These are all `noassign' variables; assignments to them are ignored.
The bash debugger variables cannot be unset either. Other noassign
variables can be unset; that's why they're not readonly.

(Before you ask, noassign variables have been in bash since 1996.)

In this case, assignment to the noassign variable is being treated like an
assignment error, which aborts the current command (a compound command in
your examples) but does not exit the shell. If you were to separate the
commands with a newline, you'd see the difference.

This came up in 2021 in the GROUPS case:

https://lists.gnu.org/archive/html/bug-bash/2021-08/msg00013.html

The other variables in that list inherited their noassign property from
changes to support the bash debugger.

It does not happen if trying to assign a string.

It should be consistent, at least. I think the string assignment behavior
is the most reasonable: assignments return 1 but there's no assignment
error. I'll look at how compound assignments are different.
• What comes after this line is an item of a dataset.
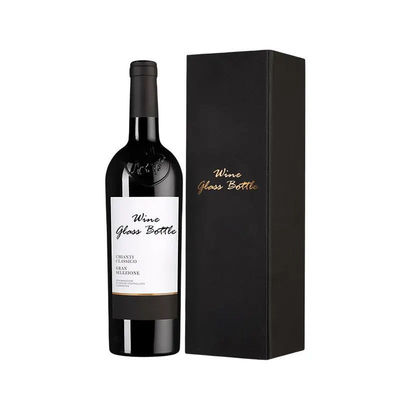 Embalagem de papelão para garrafas de vinho/água de whisky Caixa de presente com Eva personalizada dentro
   $ bash -c 'declare BASH_ARGC=1; echo FIN'
   FIN

There are various other variables bearing the readonly attribute for which this 
also happens. In the following case, bash does, at least, complain that the 
variable is readonly.

   $ bash -c 'declare BASHOPTS=(); echo FIN'
   bash: line 1: BASHOPTS: readonly variable

Attempted assignment to readonly variables is an assignment error.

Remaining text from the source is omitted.